And since it's not likely that I'll ever actually meet him, I feel even safer.
To what does he owe the bestowing of my love? Last Friday, he fixed my SPAM problem. Because he's awesome.
Here's the chat that followed:
Me: I'm thinking I'll be dedicating a blog post to you tomorrow
12:23 PM Don: cool, maybe I'll get around to reading it. I had a lot of catch up to do.
me: Because I love you a whole whole lot right now.
Don: LMAO, why is that.
me:for the first time in months, I am not getting 300-500 (or more) email a day
12:24 PM Don: wow if i was that simple I would have stopped all of your email ;)
me: as far as I can tell, anyway. Maybe I should see what happens overnight before gracing you with my presence. . .
Don: yup
me: (by referring readers to your blog)
me: standing over your bed with what?
with a hatchet?
or a chainsaw?
but I LOOOOOVE you!
12:26 PM I'm a little giddy at the thought of leaving email hell
Don: as long as it's not a dismembered rabbit, it's probably ok to choose one of the other images.
12:27 PM me: you know, I never saw that movie. Maybe it's worth it to procure that from Netflix
12:29 PM Don: it is a little freaky. You could see it being a co-worker instead of a mistress.
Which makes me want to go to my room and die. Just a little, inside. Because I LOOOVE him and he only sees me as a crazy stalker. . .

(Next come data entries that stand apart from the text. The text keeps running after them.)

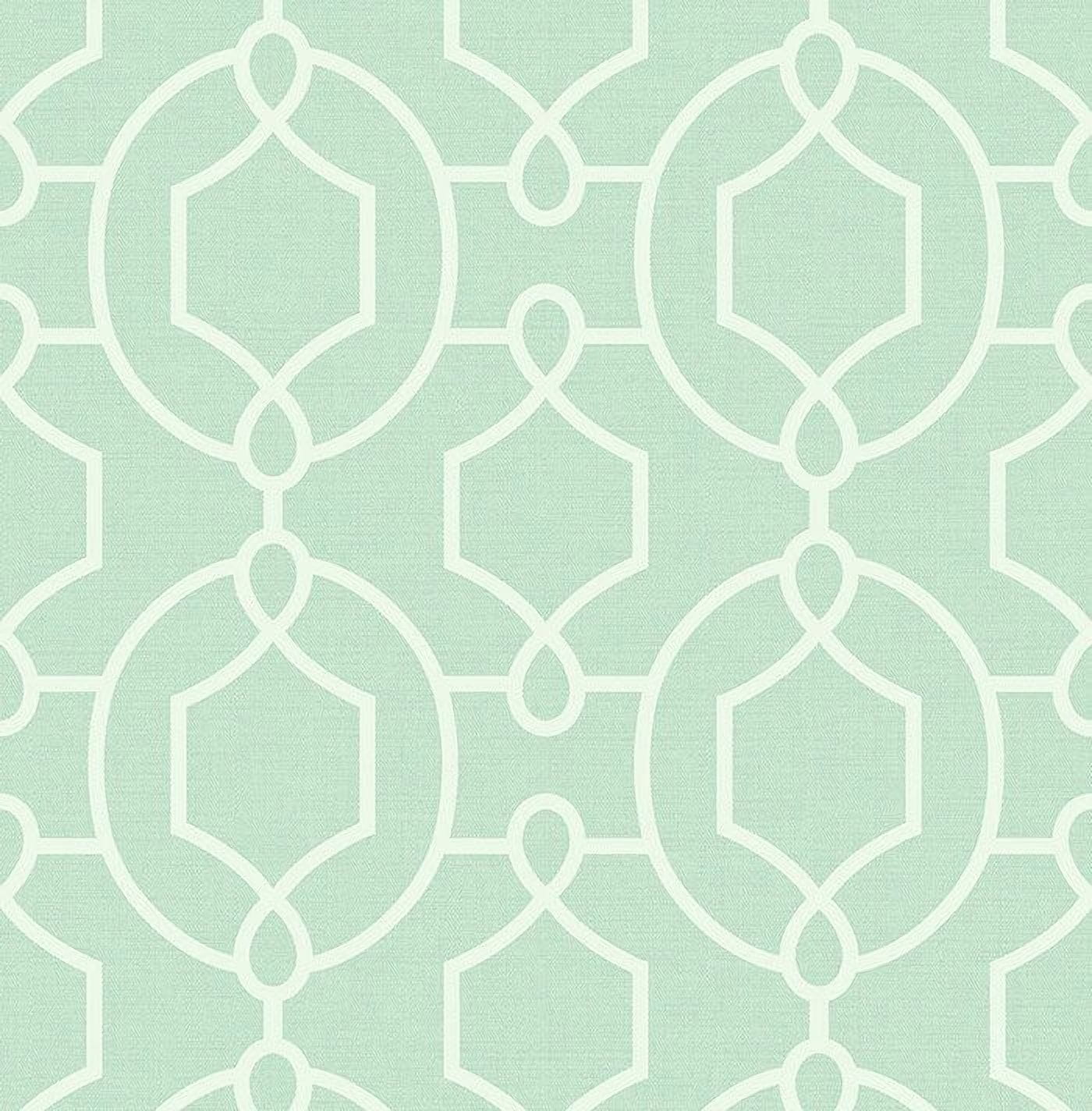 Товар добавлен в корзину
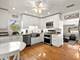 2257 Dora, Melrose Park, IL 60164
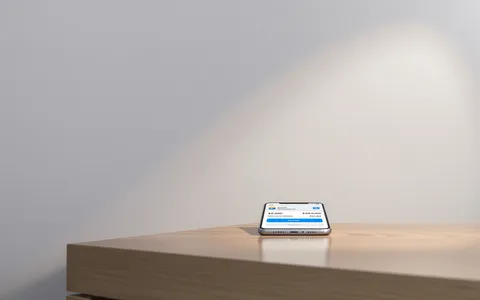 Klarna lancia la sfida alle banche: ecco la carta smart che fa tutto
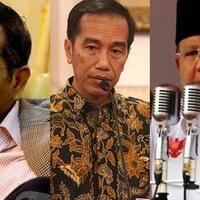 mahfud-md-akui-dirinya-ternyata-tak-netral-di-politik-sudah-lama-saya-mencuitkan-itu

But I can survive it, now that I don't have to wait an hour for SPAM to download every morning. And every mid-morning. And every noon. And every afternoon. . . A blackberry might even be a viable option now. Although come to think of it, I haven't been invited to update my penis for days now, which leaves me feeling hollow inside. What if I end up with the ONLY outdated penis in my circle of friends?
Is that worse or better than email hell?
3 comments:
Don is a skunk. He once drove past me while I was walking. The sky was very gray and it was quite obvious that it was gonna bust out with rain any moment, but he didn't offer to pick me up.
Thankfully I got to my driveway just as the first raindrops hit.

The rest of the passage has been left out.